In order to undergo a flip bifurcation for map (8), we require that the two discriminatory quantities ${\alpha }_1$ and ${\alpha }_2$ are not zero, where

$${\alpha }_1=(G_{X_n{h}^{\ast }}^{\ast }+\frac{1}{2}{G}_{h^{\ast }}^{\ast }{G}_{X_n{X}_n}^{\ast }){|}_{(0,0)}=c_2$$

and

$${\alpha }_2=(\frac{1}{6}{G}_{X_n{X}_n{X}_n}^{\ast }+{\left(\frac{1}{2}{G}_{h^{\ast }}^{\ast }{G}_{X_n{X}_n}^{\ast }\right)}^2){|}_{(0,0)}=c_5+c_1^2.$$

Therefore, by the above analysis and the theorem in [26], we obtain the following result.

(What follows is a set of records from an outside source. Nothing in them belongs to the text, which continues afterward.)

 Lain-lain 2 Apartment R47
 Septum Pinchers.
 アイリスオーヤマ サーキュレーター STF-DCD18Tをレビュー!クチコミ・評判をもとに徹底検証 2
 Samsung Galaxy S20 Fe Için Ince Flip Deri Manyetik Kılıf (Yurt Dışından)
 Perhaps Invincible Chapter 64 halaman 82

Theorem 3.1 If ${\alpha }_2\ne 0$, then model (4) undergoes a flip bifurcation at the equilibrium $E_2(S^{\ast },I^{\ast })$ when the parameter $h^{\ast }$ varies in a small neighborhood of the origin. Moreover, if ${\alpha }_2>0$ (resp., ${\alpha }_2<0$), then the period-2 points which bifurcate from $E_2(S^{\ast },I^{\ast })$ are stable (resp., unstable).

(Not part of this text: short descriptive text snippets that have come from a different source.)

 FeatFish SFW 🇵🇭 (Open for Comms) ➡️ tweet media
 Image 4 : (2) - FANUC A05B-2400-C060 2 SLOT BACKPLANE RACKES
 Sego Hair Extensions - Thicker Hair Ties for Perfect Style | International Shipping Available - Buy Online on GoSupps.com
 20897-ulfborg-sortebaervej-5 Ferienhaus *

Finally, we discuss the Hopf bifurcation of $E_2(S^{\ast },I^{\ast })$ if h varies in the small neighborhood of N. We take the parameters $(A,d_1,d_2,r,h,\lambda )\in N$ arbitrarily. We consider a small perturbation of (2) by choosing the bifurcation parameter $h^{\ast }$ as follows:

$$\{\begin{array}{l}{S}_{n+1}=S_n+(h+h^{\ast })(A-\lambda \frac{S_n{I}_n}{S_n+I_n}-d_1{S}_n+r{I}_n),\\ I_{n+1}=I_n+(h+h^{\ast })[\lambda \frac{S_n{I}_n}{S_n+I_n}-(d_2+r)I_n],\end{array}$$

(9)

where $|h^{\ast }|\ll 1$ which is a small perturbation.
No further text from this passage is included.